Announcement

Collapse
No announcement yet.
X
  • Filter
  • Time
  • Show
Clear All
new posts

  • Difference-in-Differences with Multiple Groups and Time Periods - Data Organisation and Regression Design

    I am trying to estimate the effect that merger activity has on company employment, profitability and productivity. I have one pre-treatment year and three post-treatment years. I want to find treatment effects in the following format*:

    a) t - (t -1)
    b) (t + 1) - (t - 1)
    c) (t + 2) - (t - 1)
    d) (t + 3) - (t - 1)

    *Where treatment year is year t and so on.

    How would I specify a regression to do this for employment for example?

    Secondly, my data is currently tabulated in an unhelpful format. It has been grouped by time period:

    w -------- y ------- z
    x ---------x----------x
    x--------- x--------- x
    x--------- x ---------x

    *Where w, y, z refer to the time periods t-1, t, t+1 etc.

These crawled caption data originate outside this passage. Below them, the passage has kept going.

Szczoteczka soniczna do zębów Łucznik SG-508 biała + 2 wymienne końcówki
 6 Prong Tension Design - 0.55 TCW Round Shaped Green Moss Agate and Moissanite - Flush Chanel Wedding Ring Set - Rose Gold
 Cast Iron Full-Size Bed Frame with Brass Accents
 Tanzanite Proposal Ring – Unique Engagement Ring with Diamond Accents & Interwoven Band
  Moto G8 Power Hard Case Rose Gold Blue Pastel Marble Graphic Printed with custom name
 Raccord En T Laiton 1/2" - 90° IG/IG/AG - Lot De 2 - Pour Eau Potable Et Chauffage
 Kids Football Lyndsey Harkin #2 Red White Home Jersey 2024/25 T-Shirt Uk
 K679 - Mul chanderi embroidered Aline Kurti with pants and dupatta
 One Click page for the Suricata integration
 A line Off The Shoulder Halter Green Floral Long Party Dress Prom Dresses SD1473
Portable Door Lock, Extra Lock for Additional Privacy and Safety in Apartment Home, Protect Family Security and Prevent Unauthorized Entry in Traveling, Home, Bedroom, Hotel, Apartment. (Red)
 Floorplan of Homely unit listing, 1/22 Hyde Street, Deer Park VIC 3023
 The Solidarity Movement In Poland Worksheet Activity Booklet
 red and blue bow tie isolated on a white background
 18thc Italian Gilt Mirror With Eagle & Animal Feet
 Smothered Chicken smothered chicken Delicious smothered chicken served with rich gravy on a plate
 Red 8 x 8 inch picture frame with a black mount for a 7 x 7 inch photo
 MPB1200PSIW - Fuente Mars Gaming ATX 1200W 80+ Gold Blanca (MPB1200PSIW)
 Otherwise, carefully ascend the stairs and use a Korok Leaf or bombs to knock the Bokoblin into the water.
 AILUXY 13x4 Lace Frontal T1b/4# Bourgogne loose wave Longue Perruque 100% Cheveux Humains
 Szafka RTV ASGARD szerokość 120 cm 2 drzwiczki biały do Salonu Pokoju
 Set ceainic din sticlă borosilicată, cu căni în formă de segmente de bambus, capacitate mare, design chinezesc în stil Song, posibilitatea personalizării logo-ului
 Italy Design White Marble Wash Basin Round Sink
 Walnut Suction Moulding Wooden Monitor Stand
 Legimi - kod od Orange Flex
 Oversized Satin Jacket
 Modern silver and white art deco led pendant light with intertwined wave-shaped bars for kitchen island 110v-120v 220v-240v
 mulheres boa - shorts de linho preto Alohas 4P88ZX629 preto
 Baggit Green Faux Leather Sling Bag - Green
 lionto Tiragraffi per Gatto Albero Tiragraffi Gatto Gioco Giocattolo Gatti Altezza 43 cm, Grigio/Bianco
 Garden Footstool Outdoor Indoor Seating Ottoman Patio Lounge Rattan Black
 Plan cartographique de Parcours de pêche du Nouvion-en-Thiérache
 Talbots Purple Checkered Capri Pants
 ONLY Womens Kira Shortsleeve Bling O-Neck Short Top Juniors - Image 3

    Intuitively this format would allow for a simple manual calculation of the DID estimators but I am keen to produce error terms and evaluate significance hence my interest in carrying out a regression.

    Any ideas on how to quickly manipulate the data into a more suitable format? I do not particularly want to transpose each line of the data one by one.

    Thanks in advance.

    Last edited by Kieron Spiiter; 09 Apr 2016, 12:05.

  • #2
    So the data is currently in wide layout. As you have already perceived, for analysis in Stata it needs to be in long form. For that you will need the -reshape- command. -reshape- is one of the most important data management tools in Stata and if you are going to be using Stata more than once, you need to learn how to use it. The manual section in the [D] user's manual is extensive with lots of good examples. That said, it's a little bit like riding a bicycle: you have to actually practice using it for a while to really get the hang of it. It seems difficult at first, but at some point it "clicks" and you just know what to do with it from that point on.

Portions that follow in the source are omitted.